Using Lightroom CC for a new mobile workflow while traveling

I was recently in Hong Kong for a week of street photography. While there, I used a different mobile-centric workflow for my images – and, while it wasn’t perfect, it definitely simplified things. Here’s the basic idea:

Gear: I traveled with my MacBook Pro (with LR CC), my iPhone, and my iPad Pro (both with LR Mobile). At home there’s an iMac with my master photo library managed by Lightroom CC Classic. For this to work well, your hotel (or AirBnb, etc) also needs to be “well connected” – especially in terms of upstream bandwidth.

Workflow: After a day of shooting, I used Adobe Bridge on my MacBook Pro to import images from my camera’s SD cards into a date-based folder hierarchy on the MacBook’s SSD. Separately, I used Image Capture to import photos from my iPhone – and copied those images into the same date-based folder hierarchy. (Alternatively, I could have simply opened LR Mobile on my iPhone and imported the iPhone images I wanted into LR from my Camera Roll). Each day I had a new folder with all of the images from my cameras and my iPhone.

Next I opened Lightroom CC (LRCC) on my MacBook Pro and import the new images from the folder hierarchy (e.g. the images imported using Bridge and Image Capture in step 1). LRCC will import these images and immediately begin uploading them with the cloud. For this uploading to be efficient, you’ll want to be sure you’re using hotel WiFi with decent upstream bandwidth – something that worked very well for us in our Hong Kong hotel – but which could be problematic at less well connected hotels.

As LRCC uploads the images to the cloud, several good things happen:

The images are also sync’d to LR Mobile on my iPad and iPhone. They just start showing up as the syncing completes. The images are also sync’d to Lightroom CC Classic running on my iMac back home. If Lightroom Classic isn’t open on my Mac (or if my Mac is powered off), the syncing begins when Lightroom Classic is next opened on my Mac. LR Classic will download the images from the cloud and save them to a special folder – which I’ve pointed to a folder just for this purpose in my images folder hierarchy. In LR Classic preferences, I’ve also clicked the “use date hierarchy” box so that the downloaded images will be stored in a date hierarchy folder structure within that specified download folder.

When I get back home, I can open LR Classic and move the images from the download folder into the normal date-based folders in my image library. LR will remember that these images – although they’ve been moved – are still synced to the cloud. Thus, any changes I make to an image will be sync’d everywhere – including any ratings updates, any photo edits, cropping, etc. Even deletions will be sync’d everywhere.

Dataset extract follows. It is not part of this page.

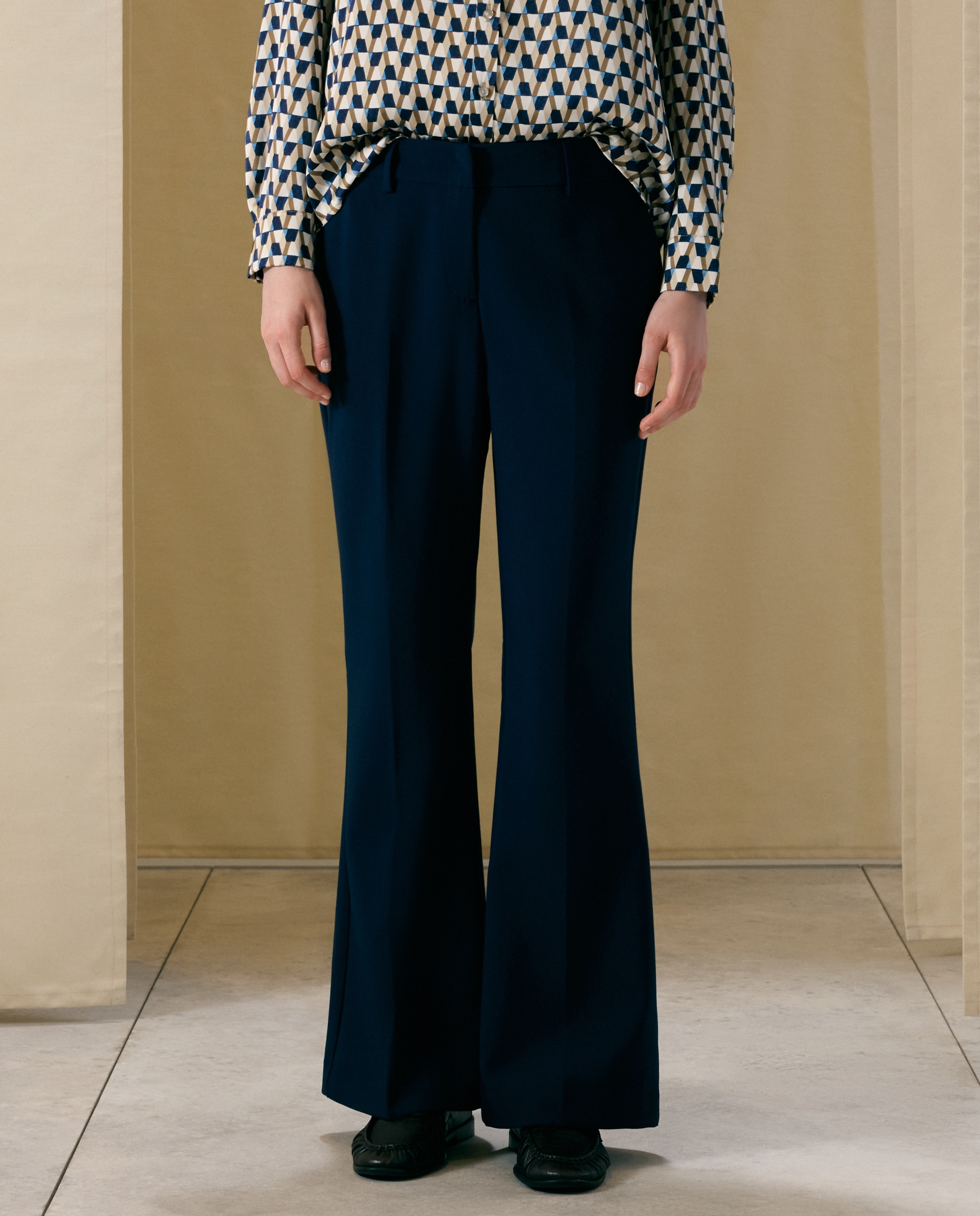 Pantalón flare de mujer doble tela - Woman El Corte Inglés - Azul marino Azul marino-2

The net effect of this workflow is that I avoided having to do the old catalog import workflow from LR Classic on my MacBook Pro into LR Classic on my iMac when I got home.

But the BIG benefit of this LR CC-based workflow was having my images quickly available for reviewing, editing, rating, etc. on my iPhone and iPad while I was traveling in the field. In addition, any images I shot on my iPhone could be imported into LR Mobile on my iPhone and they’d automatically be sync’d into the Lightroom cloud and down to my LR Mobile on my iPad and to LR Classic my iMac back home.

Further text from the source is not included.